Yesterday was the October 2018 Patch Tuesday, which means a lot of security updates are out for Microsoft products including Windows, Office, and Exchange Server. These updates fix known bugs and security vulnerabilities found within Microsoft’s products.
This Patch Tuesday fixes critical security vulnerabilities that when exploited could lead to code execution. These vulnerabilities are the most dangerous as if they are exploited could allow a remote attacker to execute commands on a vulnerable computer and essentially take full control.
Commenting on this, Glen Pendley, Deputy CTO, Tenable, said:
“Yesterday’s Microsoft Patch Tuesday release includes patches to address 50 different vulnerabilities, spanning across most OS versions, browsers (Edge and Internet Explorer), and applications like Sharepoint Enterprise server and SQL Server Management software. Ten of the vulnerabilities are marked as critical and 23 of the flaws allow for remote code execution.

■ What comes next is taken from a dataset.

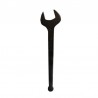 781030-7 MAKITA Cheie fixa 24 mm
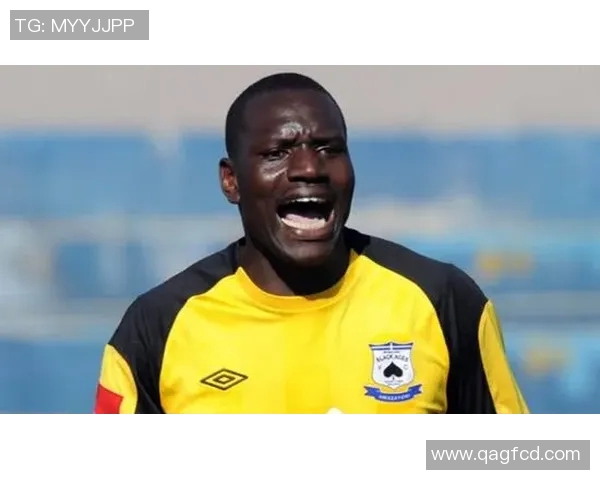 乌干达与南非精彩对决录像回放全程分析与精彩瞬间回顾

“One of the most important vulnerabilities fixed in today’s Patch Tuesday release is the Microsoft JET Database Engine zero-day (CVE-2018-8423) which was disclosed last month. The vulnerability was published along with a sample exploit code, leaving organisations everywhere exposed for the last several weeks. As such, organisations are urged to update their systems immediately.
“The JET Database Engine software is ubiquitous. It’s shipped on all Windows machines and is leveraged by a number of applications, including Microsoft Office. By exploiting this flaw, an attacker can send a user a specially crafted malicious file that, when opened, can cause the JET engine to execute an out-of-bounds (OOB) write allowing for remote code execution. Needless to say, a remote code execution flaw with a known public exploit should be prioritised and patched as soon as possible.
“Also of note, CVE-2018-8453, which impacts Windows versions 7, 8.1, 10 and Server 2008, 2012, 2016 and 2019, has been patched. This vulnerability is known to have been exploited in the wild, meaning organisations should patch their systems immediately.”